Zusätzlich ist die Welt in Izara mit Dämonen, Jägern, Hexern sowie Phalanx, Primus und Aziame recht komplex und man erfährt davon auch nur genauso viel wie die Hauptfigur Ariana. Also recht viel innerhalb weniger Seiten und dann Stück für Stück das wichtigste. Das World-Building ist gigantisch sowie kreativ und hat mich direkt gepackt. Obwohl ich stellenweise ein bisschen überfordert war, hat die Autorin sich Mühe gegeben, diese verständlich und umfassend zu erklären. Für mich war das eindrucksvoll zu lesen.
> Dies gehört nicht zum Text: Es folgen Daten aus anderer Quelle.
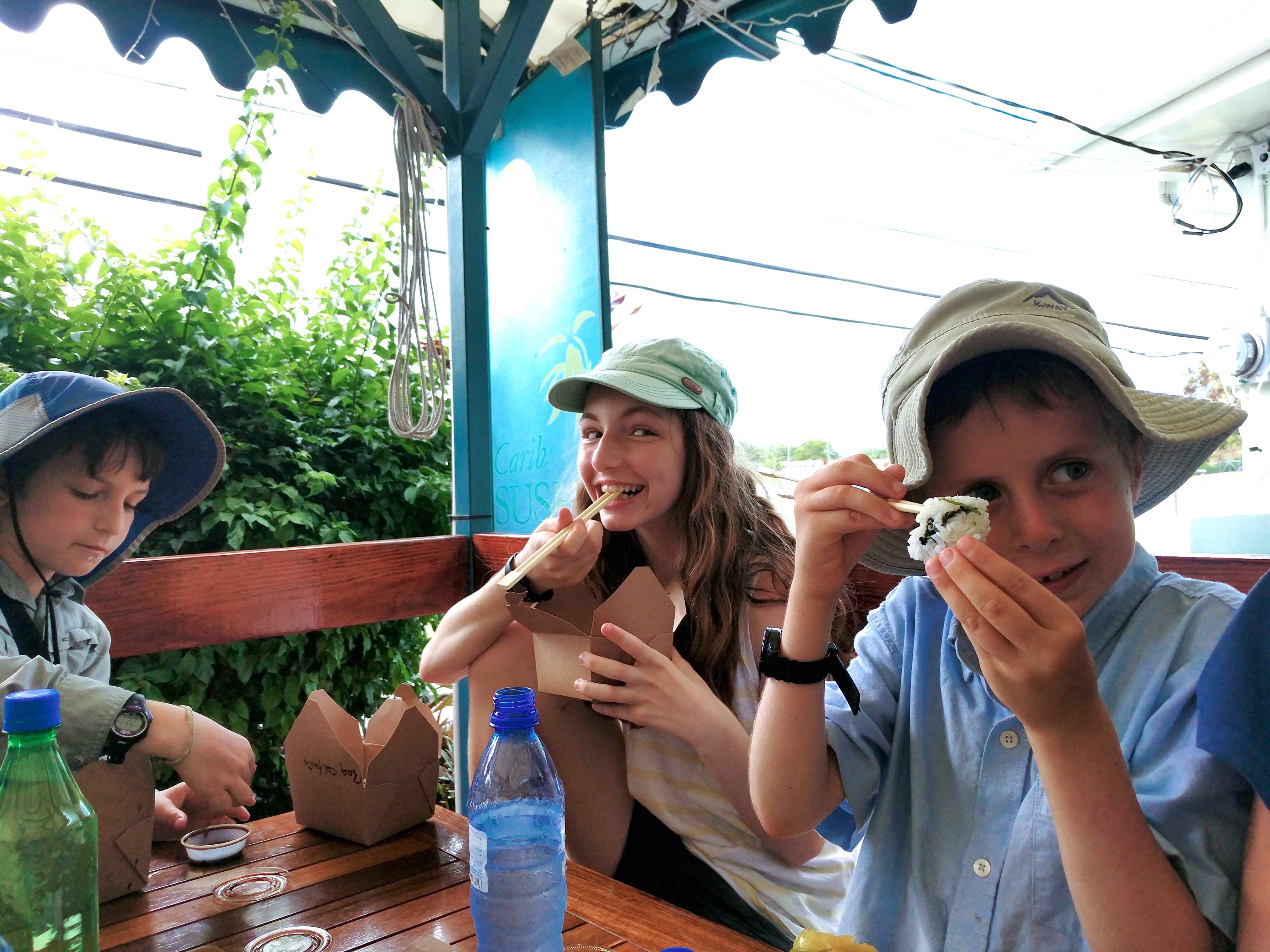 Portland to Grenada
Auch bei den Charakteren kann ich definitiv nicht meckern. Die Protagonisten sind ein wilder Haufen aus verschiedenen "Wesen" mit den unterschiedlichsten Schwächen und Stärken. Ich finde, dass es unglaublichen Spaß gemacht hat, dieser Konstellation innerhalb von „Das ewige Feuer“ zu folgen. Manche aus dieser Truppe haben mir natürlich besser gefallen – allen voran Ari, Lucian, Toby und Gideon. Das lag vermutlich daran, dass Lucian als Primus, Toby als Hexenmeister, Gideon als Jäger und Ari ... eben als Ari (zu beschreiben, was genau sie ist, würde an dieser Stelle wohl spoilern) vier unterschiedliche Wesen miteinander kooperieren müssen und damit vier unterschiedliche Positionen einnehmen. Die verschiedenen Spannungen der Charaktere durch ihre Art fand ich toll dargestellt – schließlich kann nicht jeder mit jedem. Am Ende aber müssen sie alle zusammenarbeiten, um Ari vor dem Bösen zu schützen – auch wenn sich das nicht immer als einfach erweist und zu Konflikten führt (was mich im Übrigen sehr oft amüsiert hat!).
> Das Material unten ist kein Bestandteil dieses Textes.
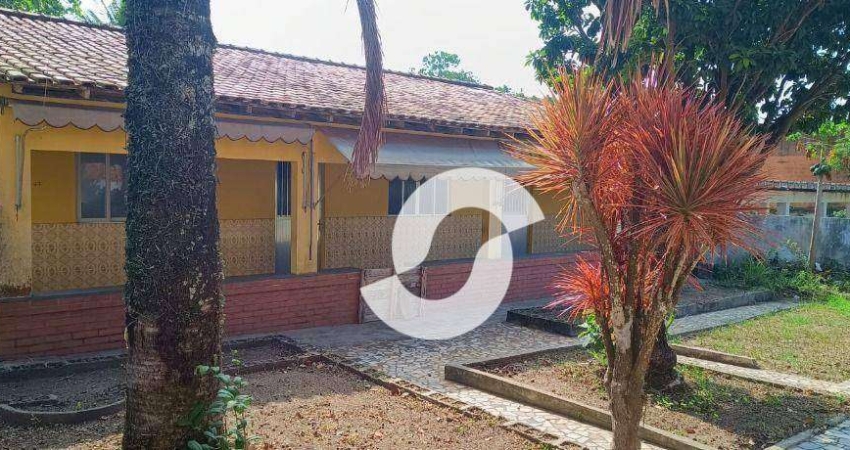 Casa com 5 dormitórios à venda, 757 m² por R$ 1.500.000,00 - Barra de Maricá - Maricá/RJ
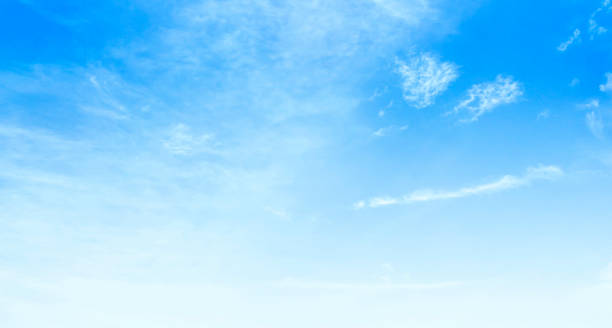 istock Sky nature background concept: Natural sky beautiful blue and white texture background 1274849297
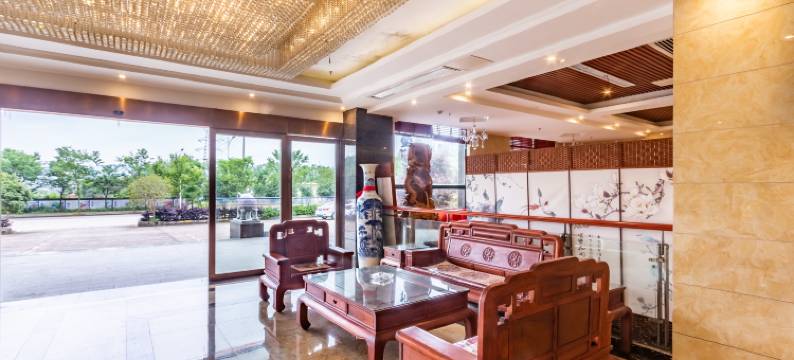 井冈山煌庭酒店图片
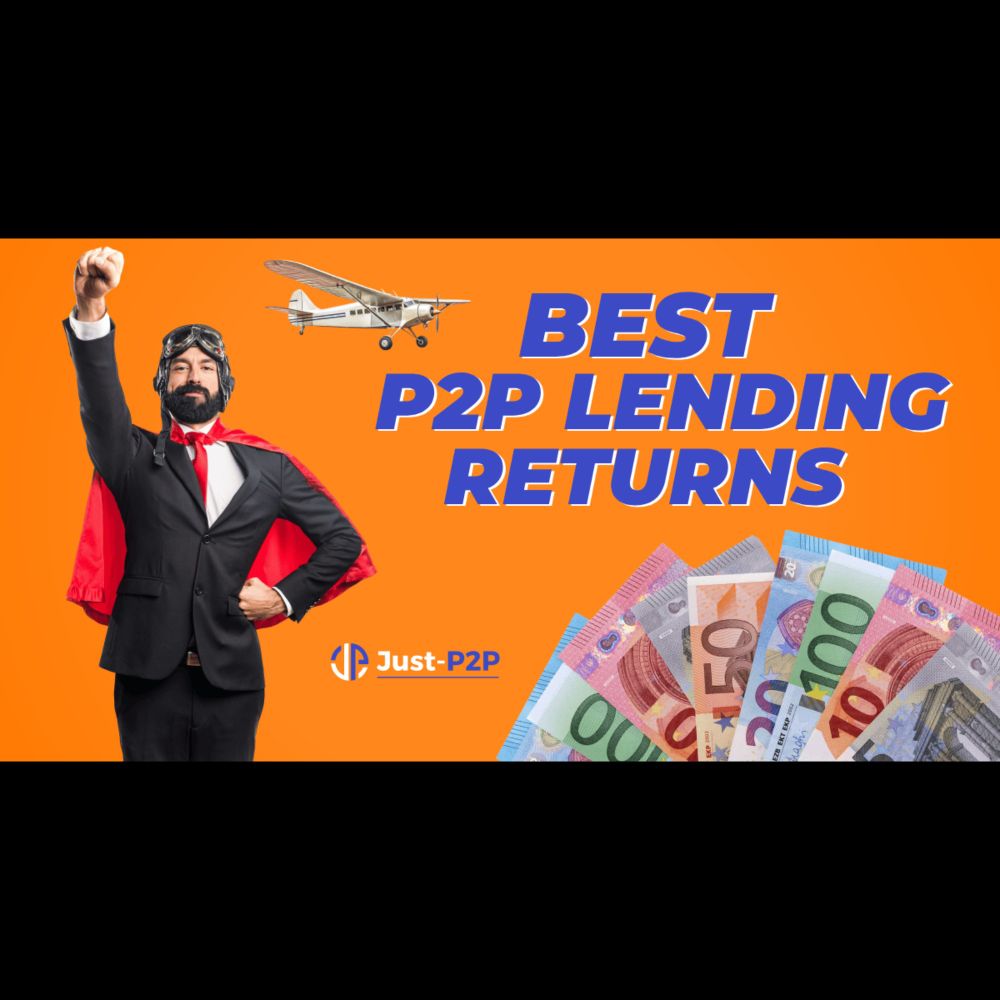 P2P Lending Returns, Volumes funded, Number of Investors 💰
Jetzt ist natürlich die Frage, was im zweiten Band passieren wird, denn für mich war die Geschichte in „Izara – Das ewige Feuer“ mehr oder weniger abgeschlossen und weniger offen, als ich es mir für den Auftakt einer Dilogie vorgestellt hätte – ich mag eben einfach fiese Cliffhanger. Nachdem ich den Klappentext des zweiten Teils gelesen habe, kann ich mir allerdings sehr gut vorstellen, welche Abenteuer noch auf Ari und Lucian warten und ich bin außerordentlich gespannt, ob die Autorin das hohe Niveau des ersten Bandes wird halten können.

Fazit
„Izara – Das ewige Feuer“ ist ein eindrucksvolles Buch, das mit einem großartigen Plot von vorne bis hinten unterhält und gigantische Spannungsbögen liefert. Zudem sind die Charaktere äußerst liebenswert und einnehmend ausgearbeitet, dass man die Geschichte rund um Ari und Lucian einfach lieben muss. Ich kann dieses Buch in jedem Fall empfehlen und ich freue mich auf die Fortsetzung.